My own conscience on the prospect of an EU referendum - not that, in seriousness, one is on the cards for the foreseeable future - is, like the Conservative Party itself, wracked by internal division. I think that, deep down, I have always been a Eurospectic of a sort; even in the 2009 European elections, aged 19, I seriously considered voting for the front organisation cobbled together by Bob Crow, the Communist Party of Britain and assorted other far leftists 'No 2 EU, Yes 2 Democracy' (I voted Green in the end).

That was not down to any lingering sympathy for radical left-wing politics; by then that was dead in me.
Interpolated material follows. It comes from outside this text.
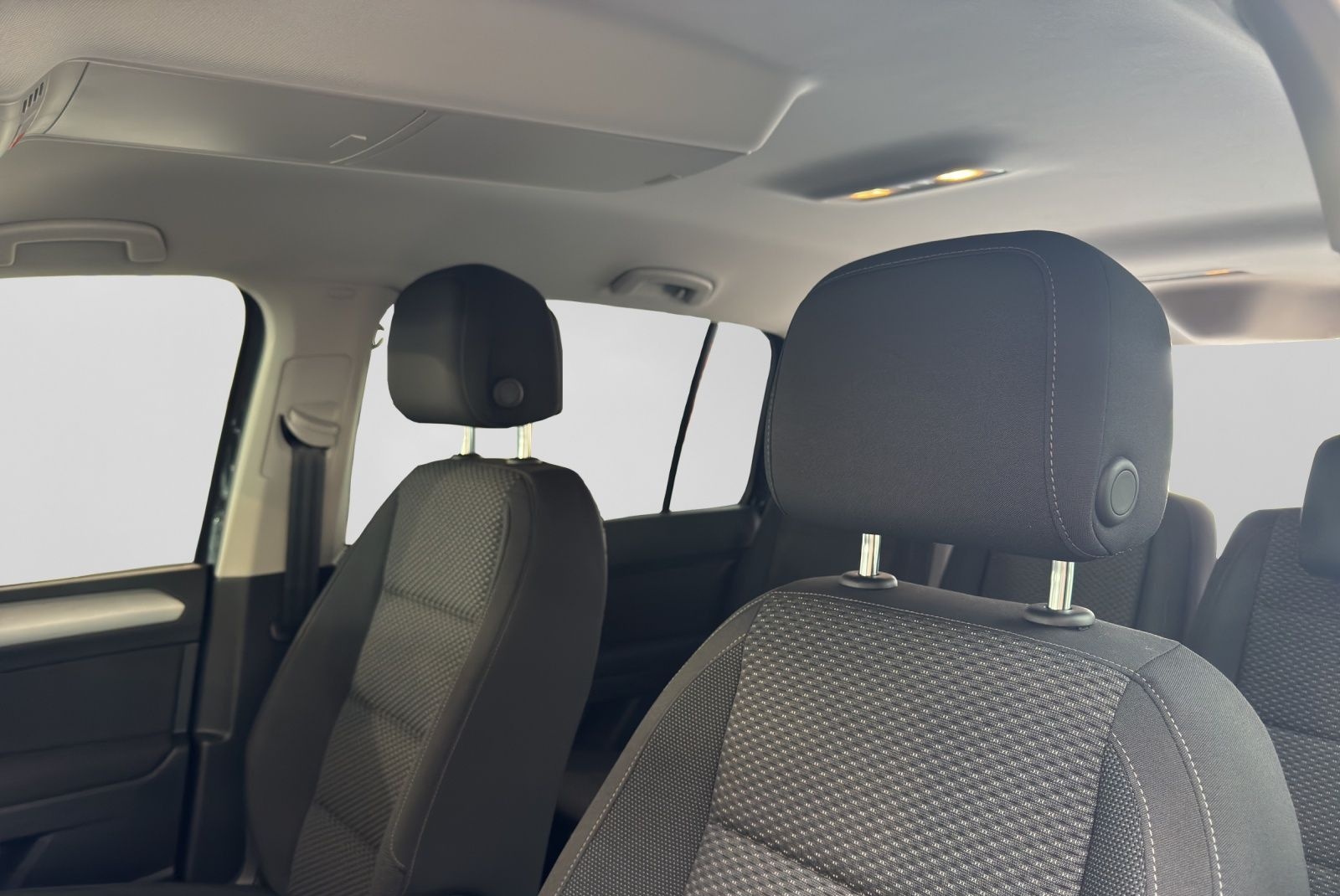 Volkswagen Touran 1.5 TSI COMFORTLINE NAVI GJR CLIMA LM16 S foto 18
It was down to a) finding an organisation that had to ask the Irish people a second time in a Treaty referendum after receiving the answer it didn't want the first time strange at best, contemptible at worst; and b) well...I was hardly at a point in my life where I was going to vote UKIP was I? I do think there is something strange - contemptible - about much in the way the EU behaves. There is a very strong yearning in me to see some kind of democratic slap in the face of the EU's unelected 'President' Herman van Rompuy and 'Foreign Minister' Baroness Ashton. Or should that be 'Presidents'; let's not forget Jose Manuel Barroso. That slap may just come from a popular mandate from Britain saying "we've had enough". Poll after poll suggests such a result would not be beyond the realms of imagination.


And yet, and yet, I can't help but fear the consequences of that course of action. It is true - as the 'lets get out' Eurosceptics continually point out - that countries have done perfectly well outside the EU, (Switzerland and Norway seem to be the favourites) but the only country to have left the EU having previously been a part of it is Greenland, and that only by default when it left Denmark. Admittedly they too seem to be doing alright (http://blogs.telegraph.co.uk/news/alexsingleton/100065718/why-is-greenland-so-rich-these-days-it-said-goodbye-to-the-eu/) but, for me, a nation with a population of around 56,000 is hardly a reassuring model for a nation of 60 million.


So while I salute the principle of the 'glorious 111', especially Adam Holloway and Stewart Jackson who have laid down their careers over the issue, I have yet to be convinced that the logical ends of their case - in what after all is a very Eurosceptic country - should be similarly applauded.